Logical fallacy: Person argues with wrong probability of event, without considering similar events

Question

I know that this is a common error in argumentation that people make, but I don't know if there is a term for it. It's when people argue from an event being remarkable because of its low probability, without considering the probability of having observed any event that's similar enough to the one they just observed to elicit the same reaction. Is there a name for this fallacy?

For example, a player plays a game in which they have three rolls of a six-sided die. They roll a "4" on a d6 for all three rolls. They remark, "wow! The chance of that happening is rare, therefore the probablitity must be the rare probability 1/216. As a deduction:

P1: I have rolled (4,4,4).
P2: Based on my emirical experience, this is rare!
C: Therefore, (4,4,4) occuring in 6^3 events indicates the rare probability 1/216.

In fact, they would have had a similar reaction if any of the digits 1-6 was rolled 3 times in a row, for which the chance is 1 in 36, not 1 in 216. In the extended circumstance, they may even wager on such a persuasive, but falliable reasoning in a game of chance.

The general fallacy is as follows: Suppose there's some class of events, E, of which the specific event e is a member, and all of which would elicit the same response from an observer. The probability of observing any event in E is p, while the probability of specifically observing event e, is q < p. An observer observes event e, and considers it a remarkable coincidence because of the low value of q, when in fact, they should be considering the value of p. Lastly they use a intuitionally fuzzy measure 'rare' which conflates q and p in drawing a conclusion.

Answer 1

Strictly speaking, an error is not necessarily a fallacy, it becomes one only when used to illegitimately support an argument. The observation your person is making isn't a logical fallacy --it isn't even factually wrong. You would have to make it the cornerstone of an argument for it to be a fallacy. What fallacy it would be would depend on how it was used.

For instance, supposed you would have to use the datum of rolling three "4s" in order to support a conclusion such as "I'm immensely lucky today." In that case, we might call this "cherry picking," which is using only the data that supports your conclusion.

Answer 2

Short Answer

I'm familiar with no precising definition for this persuasive, but erroneous line of thinking that could be used in an argument, however, arguably this is either equivocation of 'rare' or a conflation of the permutational and repetitional aspects of 'rare'.

Long Answer

This seems awfully close to cognitive biases that lead to the gambler's fallacy because we are dealing with a sequence of observations, and drawing a bad conclusion about the probability of the event. Let's instantiate your formalism for clarity:

A person rolls (4,4,4) and thinks, this is very rare, the probability is 1:3^6!

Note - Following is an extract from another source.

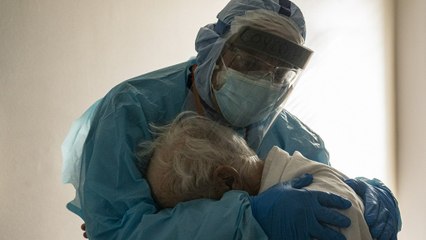 La photo de ce câlin entre un soignant et un malade âgé fait le tour du monde !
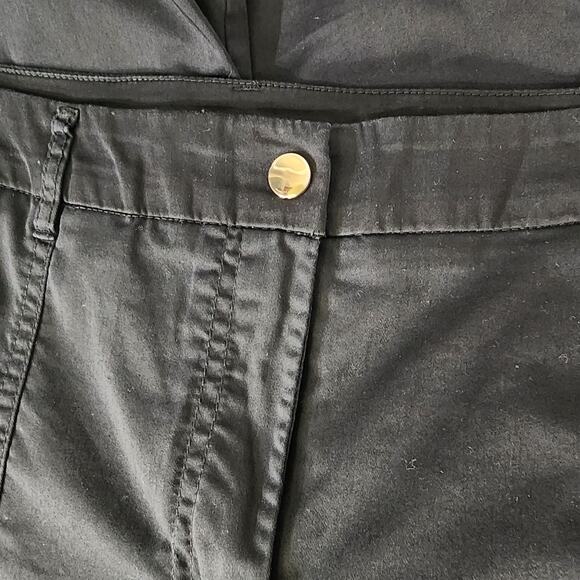 Chico's Crop Pants Black Ultimate Fit Comfort Waist Luxe Utility Slim Sz 1 US 8 - Picture 8 of 13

So we have two frames of reference because, first, it's perfectly true that the event has that probability, but, second, if "rare" is defined as any (n,n,n) were n is in the naturals 1 to 6, then there is a second concept at play. Let's examine two predications such that:

S1: (n1, n2, n3) where a single permutation is subsumed under 'rare'.
S2: (n,n,n) in the singular repetition of the element is subsumed under 'rare'

Is either statement counterintuitive or contradictory to general usage? No. For ease, let's define S1 as a 'permutational rarity', and S2 'repitional rarity' So, due to the inherent ambiguity of rare, we are calling both permutational AND repetitional rarity 'rare'. Now, what fallacy do we commit when used in support of an argumentation persuasively when we bungle a identical string in reference to two distinct concepts?

Well, if we were to say 'average' intending 'geometric mean' instead of it's arithmetic sibling, this clearly would be the fallacy of equivocation. But why shouldn't we consider this a conflation of probabilistic concepts, after all, we are confusing, two distinct definiens. As I can find no source that speaks to the nature of distinction between conflation and equivocation, I leave the OP to speculate.